For in-depth features, the reporting never truly feels done. But there does come a moment when I start formulating sentences in my head as I’m heading home from an interview or riding my bike or chopping onions, and that’s usually a sign that I’m ready to start writing.

How do you go about structuring those long features? 

I often think about where I want the piece to end up, or what the most climactic scene is, and then figure out how to set up the drama so that readers get pulled toward that moment. That means spending a lot of time writing the beginning so that the reader is intrigued, but doesn’t yet know every single card I have in my hand.  

Sometimes a particular interaction is at the heart of an article, and I think about the arc as a kind of slow collision. Sometimes, under the influence of one of my writing teachers, I think about the piece in almost mythical terms, as a quest, a mystery to be solved. At other times, under the influence of yet another teacher, I think of it as conversation between two plots, each one informing the other.

What’s your advice to aspiring and young writers?

I don’t think I’m really qualified to be giving advice to anyone. But here are some pieces of advice I’m constantly trying to give myself to make my stories better. Maybe the most important of them comes from the great novelist Richard Ford, and that is: Pay attention, pay attention, pay attention. It applies all the time. When casting around for story ideas, pay attention to the ideas that stick in your mind after you’ve left your desk and are hanging out with friends or doing groceries or taking a shower. Those are the scenes you’ll be able to write most compellingly. Likewise, pay attention to what sources get most fired up about, because that’s where the best stories often are. (This doesn’t always work — sometimes you find yourself on the phone with someone trying to get you to write about something or other — but you can often hear the difference between someone who is selling something, and someone who is so enthusiastic or angry or curious that they can’t wait to tell you what’s on their mind.) And when you’re out reporting, pay as close attention to details as you can. Write down the time. Write down everything you smell and hear and see. Write down your impressions and the terrible similes that pop into your head. All that — including all the stuff you leave out — will help create a more memorable story later on.

Another bit of advice I often give myself is just to read carefully. When I’m stuck on a story, I return again and again to pieces by Burkhard Bilger, Brooke Jarvis, Atul Gawande, Pamela Colloff, and Jon Mooallem, among many others. Some might call that procrastination, but I think it helps me write.

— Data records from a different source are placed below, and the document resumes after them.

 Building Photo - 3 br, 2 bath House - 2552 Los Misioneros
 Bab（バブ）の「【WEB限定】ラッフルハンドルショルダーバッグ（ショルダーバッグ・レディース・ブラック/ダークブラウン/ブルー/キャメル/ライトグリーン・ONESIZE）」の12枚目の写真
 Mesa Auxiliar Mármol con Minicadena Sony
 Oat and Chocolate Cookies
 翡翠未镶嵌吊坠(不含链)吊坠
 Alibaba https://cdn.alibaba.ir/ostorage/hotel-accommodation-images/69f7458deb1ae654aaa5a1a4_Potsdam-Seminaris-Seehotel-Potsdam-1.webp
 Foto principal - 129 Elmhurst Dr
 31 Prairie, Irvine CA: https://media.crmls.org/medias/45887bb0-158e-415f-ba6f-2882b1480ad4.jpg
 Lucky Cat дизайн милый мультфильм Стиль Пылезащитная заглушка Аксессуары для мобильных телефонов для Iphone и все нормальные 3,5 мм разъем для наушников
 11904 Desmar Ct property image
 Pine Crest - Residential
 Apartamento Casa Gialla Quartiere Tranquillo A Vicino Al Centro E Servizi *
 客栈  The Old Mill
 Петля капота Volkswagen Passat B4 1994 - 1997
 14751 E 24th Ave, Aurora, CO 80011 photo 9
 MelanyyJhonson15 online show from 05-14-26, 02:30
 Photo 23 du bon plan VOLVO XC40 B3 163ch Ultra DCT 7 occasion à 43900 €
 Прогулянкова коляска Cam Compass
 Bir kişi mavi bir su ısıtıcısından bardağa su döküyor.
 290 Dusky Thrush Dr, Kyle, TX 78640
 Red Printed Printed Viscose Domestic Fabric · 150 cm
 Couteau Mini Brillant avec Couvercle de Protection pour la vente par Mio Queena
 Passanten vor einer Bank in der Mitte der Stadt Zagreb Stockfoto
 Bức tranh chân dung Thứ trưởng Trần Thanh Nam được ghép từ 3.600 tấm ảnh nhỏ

I’m also always reminding myself how lucky I am to work as a science writer. I cold-call all sorts of people, and many of them willingly show me their labs and their prairie dog burrows, their clinics and their offices, their operating rooms, and the radio towers they’ve built behind their homes. They tell me about the birds in their backyards, and about their children, and about the times they’ve been in the hospital, and their brushes with death. A lot of it is very private stuff. Some of them spend hours walking me through tough scientific or legal concepts. Those folks give me access to worlds I wouldn’t otherwise have known about, and I hope that my articles do their stories some sort of justice.